AUSTIN, Texas -- Democrats in deep-red Texas voted in force in the first-in-the-nation 2018 primary elections Tuesday, propelling women candidates toward possible challenges to entrenched male Republicans in Congress and venting their midterm anger at President Donald Trump.
The biggest question was whether Texas is just the start of what's to come nationwide. Energized Texas Democrats appeared poised for their biggest turnout in a midterm primary in more than a decade, despite the long odds this November of ousting Republican U.S. Sen. Ted Cruz and other statewide officeholders who've fervently stood by Trump.
But with the GOP's majority in Congress on the line this fall, Democrats in Texas barreled out of the gates to vote. They showed up in bigger numbers than Republicans during voting before Election Day in Texas -- the nation's biggest conservative state. Republicans retook the overall lead in turnout as results trickled in, but Democratic voting remained high.
Nationally, Democrats have their sights on flipping three GOP-controlled congressional seats in Texas in districts supporting Hillary Clinton over Trump in 2016, including a Houston district where two women were the top vote-getters in early returns in a race likely to go to a May runoff.
Cruz and his Democratic challenger who has generated national excitement despite facing long odds, U.S. Rep. Beto O'Rourke, easily clinched their party nominations for the Senate. Meanwhile, several congressional races packed with candidates were expected to head to May runoffs. Republican Gov. Greg Abbott also cruised to his party's nomination for re-election.
The surge of Democratic voters included some former Republicans switching this cycle, including 61-year-old Sarah Chiodo of Dallas, who said she changed parties after Trump was elected.
"I hope that our political environment changes. I'm not happy with it today," she said after voting at a Dallas church. "I find it very divisive and dividing of many people and negative. So I'm looking to vote for people who are positive, who care about all."
Democratic early voting more than doubled from the last non-presidential cycle in 2014, while the number of Republican early ballots cast increased only slightly. But after the polls closed, Republicans predictably regained a sizeable advantage in total votes cast.

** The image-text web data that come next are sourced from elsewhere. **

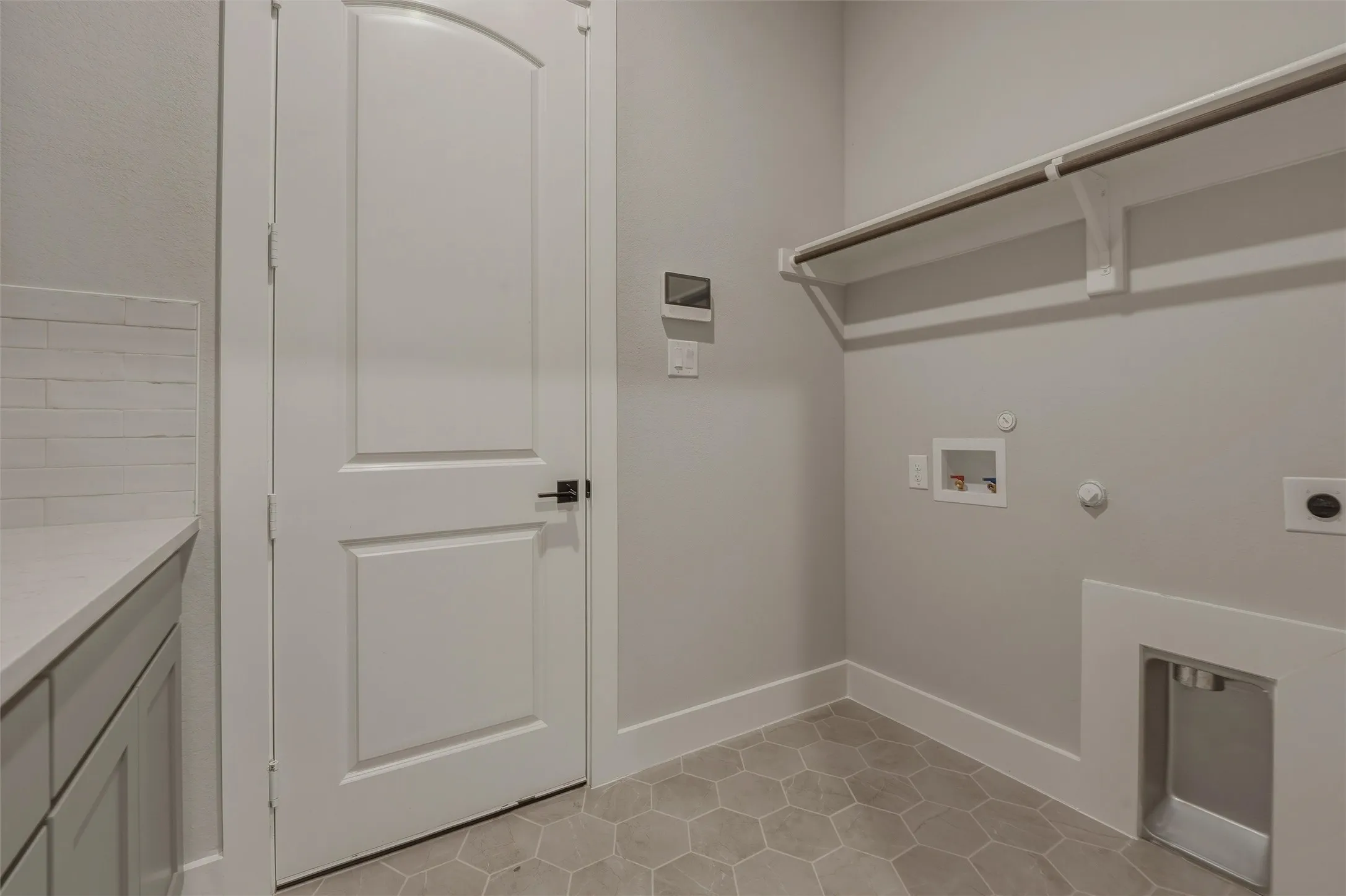 Dedicated laundry space featuring hexagonal floor tiling, a utility sink, and built-in shelving with a hanging rod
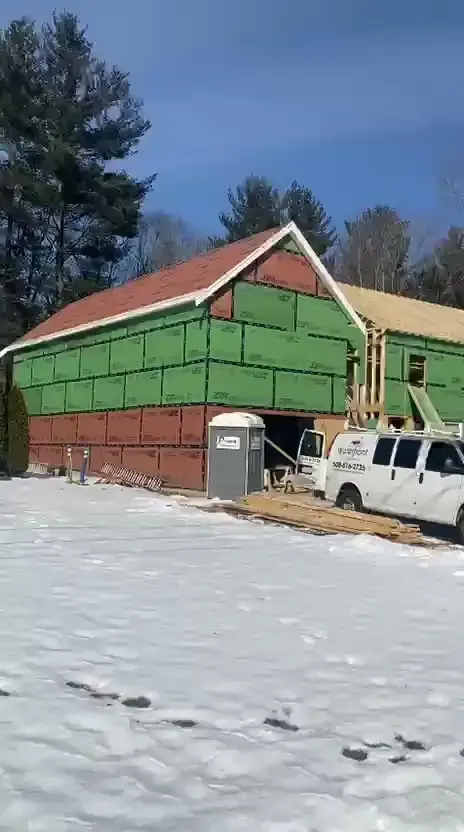 Addition walls sheathed in green and red panels in winter, with a work van parked beside it (video still)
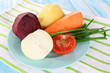 Peeled vegetables on plate on napkin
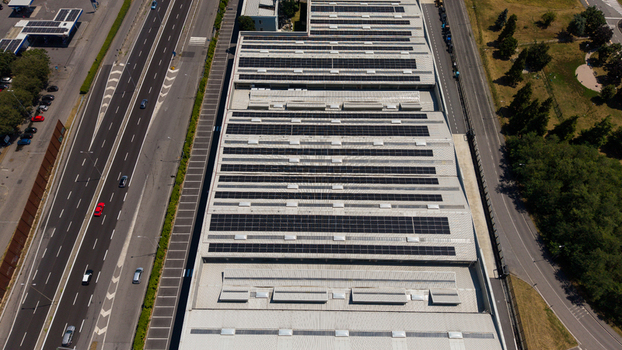 Aerial view of a large industrial warehouse roof covered with solar panels situated next to a busy highway with moving vehicles in Milan Lombardy Italy. Aerial view of a large industrial warehouse roof covered with solar panels situated next to a busy highway with moving vehicles in Milan Lombardy Italy.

Democrats haven't won any of Texas' 29 statewide offices since 1994, the nation's longest losing streak. That's expected to continue this cycle despite any possible "Trump effect" because Democrats fielded little-known candidates against top Republicans, such as Abbott and Lt. Gov. Dan Patrick. Even Attorney General Ken Paxton, who has been indicted on felony securities fraud charges, clinched his party's nomination unopposed.
Voting in Dallas, 60-year-old Laura Smith gushed, "I love President Trump. Absolutely love him."
"He has guts. He's not afraid. He's strong. He's a leader," said Smith, who works in a dentist's office.
A record six Texas Republicans and two Democrats are leaving Congress, meaning the state will be losing clout on key House committees. But none of those open seats are expected to flip. They've drawn so many hopefuls from each party, most primary races won't have anyone winning a majority of Tuesday's votes, meaning runoff elections will determine who will be on November's general election ballot.
Democrats have a better shot in November of unseating three Republican congressional incumbents where Clinton won in 2016 -- Rep. Pete Sessions in Dallas, Rep. John Culberson of Houston and Rep. Will Hurd in a district stretching hundreds of miles from San Antonio to El Paso. But Democratic primary runoffs may be necessary in all three races.
And the Democrats have had their own internal strife in Texas over congressional hopeful Laura Moser, who moved from Washington to her native Houston to try to unseat Culberson. The Democratic Congressional Campaign Committee, fearing Moser would be a weak candidate in the general election, blistered her for comments from a 2014 Washingtonian magazine article in which Moser said she'd "rather have her teeth pulled out" than live in rural Paris, Texas.
Moser kept things positive while campaigning in Houston on Tuesday, saying the strong Democratic turnout in early voting, "It's amazing. And unlike anything I remember."
A much-watched Republican primary race featured George P. Bush. The first member of his family to win his first election four years ago, Bush drew an unlikely challenger in Jerry Patterson, who preceded him as land commissioner. But Bush has been backed by Trump and was comfortably ahead in early returns.
Another key contest is the Democratic gubernatorial primary, where the top two contenders in a crowded field are former Dallas County Sherriff Lupe Valdez, backed by the party's establishment, and Andrew White, who opposes abortion and whose father, Mark, was governor in the 1980s. Neither White nor Valdez may win a majority of Tuesday's votes, though.